Task goal:
Copy the data precisely, character for character, and leave out every picture.

Given data START

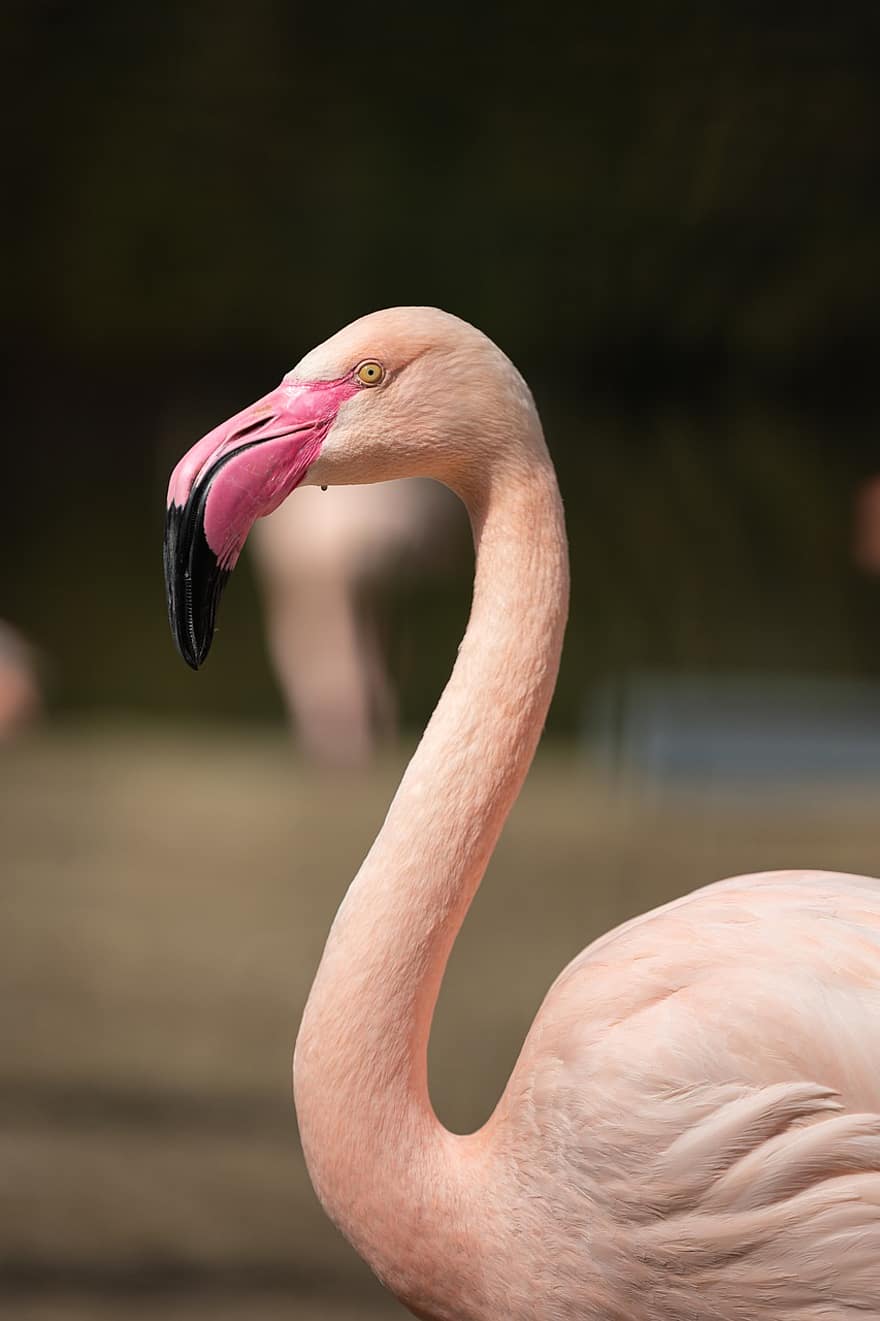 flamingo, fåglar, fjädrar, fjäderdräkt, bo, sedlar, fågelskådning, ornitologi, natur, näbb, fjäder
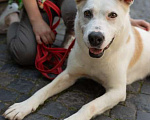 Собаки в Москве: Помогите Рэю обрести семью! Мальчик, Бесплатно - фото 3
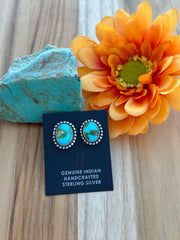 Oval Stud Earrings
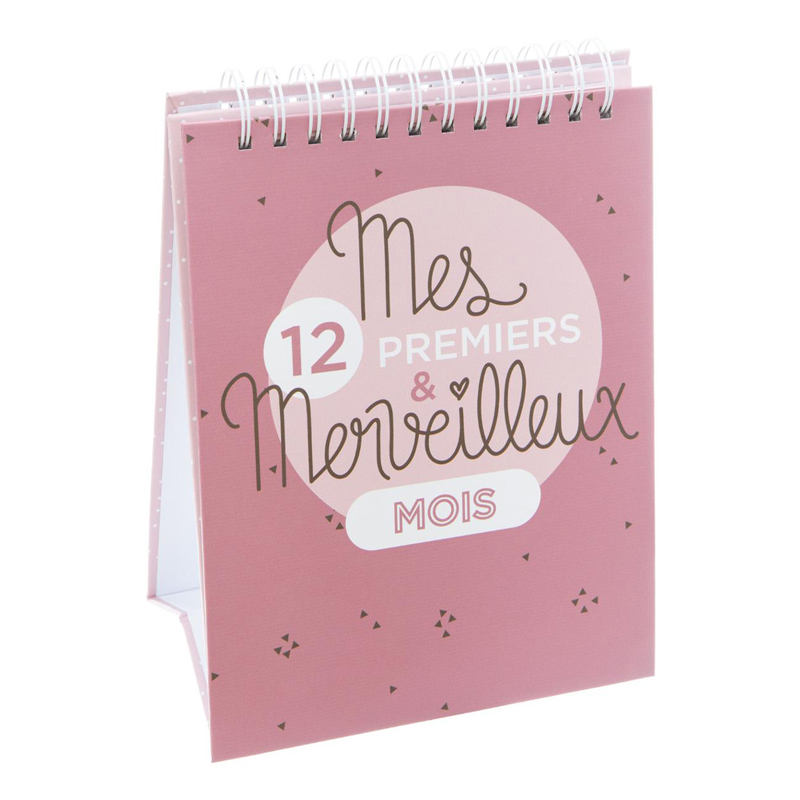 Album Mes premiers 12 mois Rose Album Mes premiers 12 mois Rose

Given data END

Your response:
 flamingo, fåglar, fjädrar, fjäderdräkt, bo, sedlar, fågelskådning, ornitologi, natur, näbb, fjäder
 Собаки в Москве: Помогите Рэю обрести семью! Мальчик, Бесплатно - фото 3
 Oval Stud Earrings
 Album Mes premiers 12 mois Rose Album Mes premiers 12 mois Rose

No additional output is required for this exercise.